На сиолимском мосту я показываю на мыс, вклинившийся между устьем Чапоры и морем, – место, где жил два года назад.

Наконец мы въезжаем в Арамболь и останавливаемся в начале главной улицы поселка. Расплачиваемся с водителем и тащим свои чемоданы в противоположную ей сторону по пыльной грунтовке, спускающейся с горки вниз. Ориентир для нас – местный джус-центр, который мы и находим через минуту.

По двору бродит пара ощипанных куриц. У забора роет землю маленькая черная свинья. Неподалеку от нее трое таких же черненьких мальчишек лет пяти увлеченно во что-то играют.

На двери нашего дома висит замок. К нам выходит хозяин джус-центра.

– В доме уже кто-то живет, – сообщает он нам «радостную» весть. – У меня ключи забрал Джон две недели назад, поселил здесь кого-то. А больше я его не видел.

Мы кинули вещи на террасе кафе. Маша пошла искать банкомат, а мы решили подождать квартирантов и заказали сок. Я сел за стол и закурил. Арсен принялся ходить между столиков с озабоченным лицом.

– Арсен, сядь, не парься. Найдем что-нибудь.

– Как «не парься»? – горячился он. – Я не могу не париться. Приехали черт знает куда, не знаем, где остановиться. Кругом индусы грязные без штанов ходят, – сказал он, глядя вниз на маленьких детей, тихо игравших во дворе.
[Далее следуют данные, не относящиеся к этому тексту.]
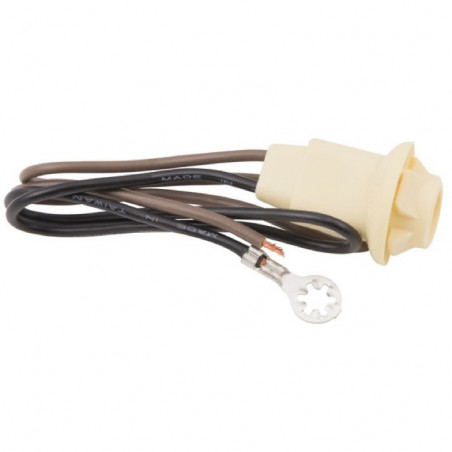 License Plate Lamp Socket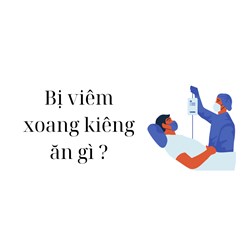 Bị viêm xoang kiêng ăn gì ?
– Почему без штанов? Они все в трусах.

– Грязюка кругом…

– Да, – сказал я, оглянувшись, – грязюки много.

– Антисанитария полная, – кивнул Арсен.

– Слушай, здесь мусор – это пластик и бумага. Его, конечно, много, но что может быть антисанитарного в пластике? Наша московская грязь и пыль гораздо вреднее – полная таблица Менделеева. Да потом здесь не везде так. Я тебе говорил, что в Арамболе раньше не был. Люди рассказывали, что это прелестное место. Здесь в конце шестидесятых первые хиппи поселились. Говорят, сюда даже «Биттлз» приезжали.

– Может, в шестидесятых здесь и было чисто, но с тех пор они, по-моему, ни разу не убирали.

– А что, может, это трусы Джона Леннона, – сказала Ольга, показывая на какую-то тряпку, висевшую на заборе.

Через полчаса появилась тетя, проживающая в наших апартаментах. От нее мы выяснили только, что она сняла этот дом две недели назад и больше ни о чем не знает.

Мы оставили Ольгу в кафе и следующие три часа провели в поисках жилья, облазив поселок вдоль и поперек. Все было занято. Свободные комнаты стали появляться только на значительном расстоянии от моря. Да и варианты эти были, прямо скажем, не очень симпатичные.

Нам осталось лишь позвонить Валентину из «Сансета» – у которого, как мне сказали, могут быть ключи от домика – в надежде, что он нам что-нибудь посоветует.

Я набрал номер.

– На хрена он вам сдался, этот Арамболь? – сказал Валентин. – Это же притон наркоманский. Берите такси и приезжайте к нам.